**Try it**.
An exact copy of the lines, starting at the top of the listing and ending with the line that has "Beżowe skórzane Polskie", is the required answer. Pictures are not part of it.

**Dataset excerpt**.

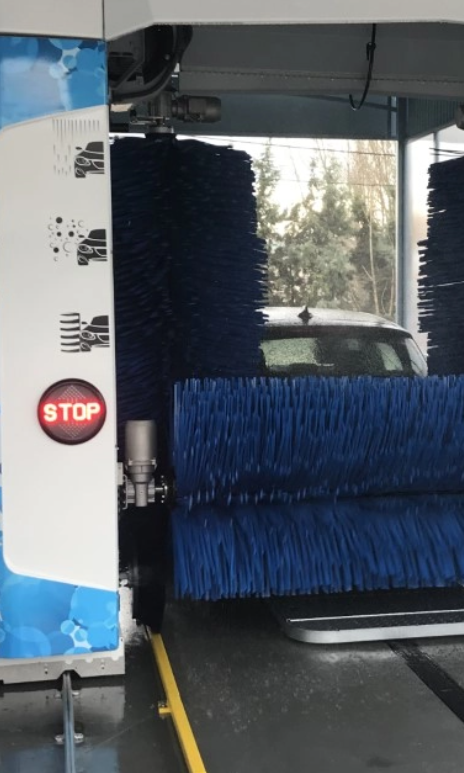 Disponemos de espacio para la limpieza de vehículos. Estaciones de Servicio Ruiz en Haro.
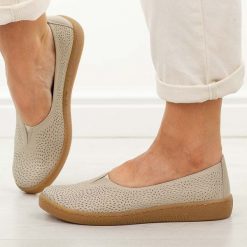 Beżowe skórzane Polskie półbuty damskie Gregors 1189. Brązowe półbuty damskie GREGORS, bez wzorów, z jeansu, casualowe, z okrągłym noskiem, bez obcasa, na płaskiej podeszwie. Za 379.00 zł.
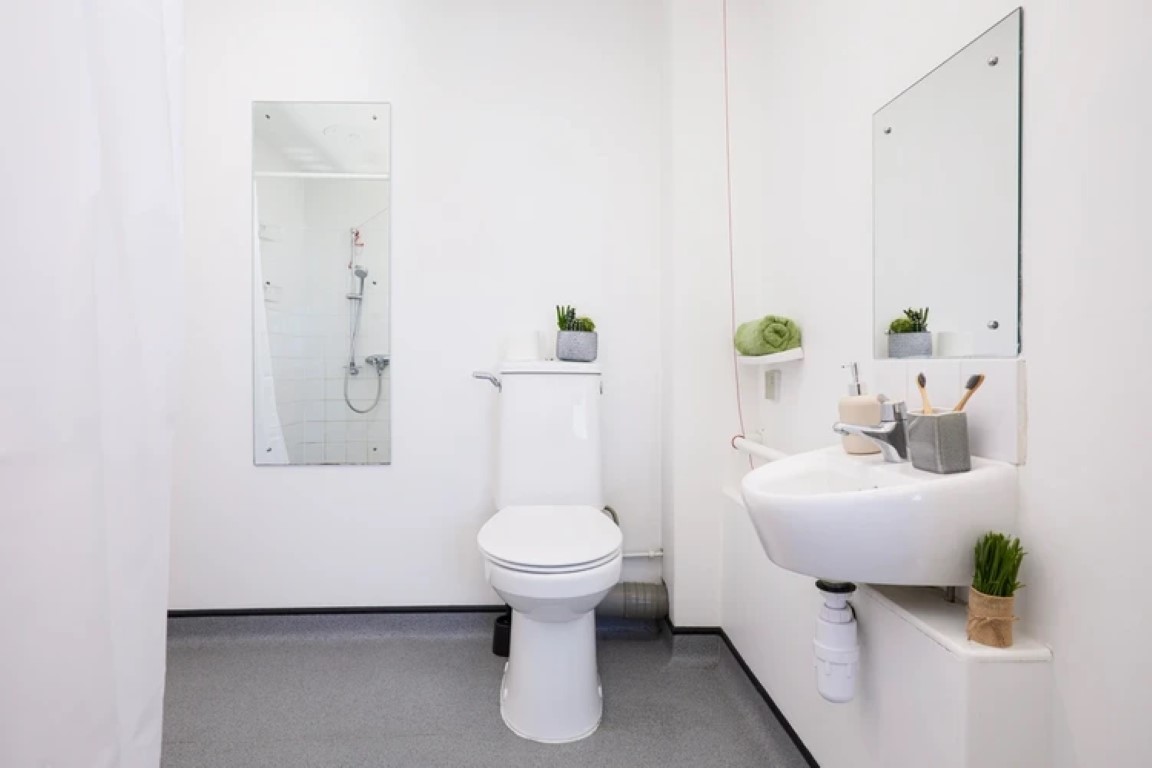  Large Standard Double Ensuite  -  Unite Students James Watt  - Gallery -  2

**Answer for this exercise**.
 Disponemos de espacio para la limpieza de vehículos. Estaciones de Servicio Ruiz en Haro.
 Beżowe skórzane Polskie półbuty damskie Gregors 1189. Brązowe półbuty damskie GREGORS, bez wzorów, z jeansu, casualowe, z okrągłym noskiem, bez obcasa, na płaskiej podeszwie. Za 379.00 zł.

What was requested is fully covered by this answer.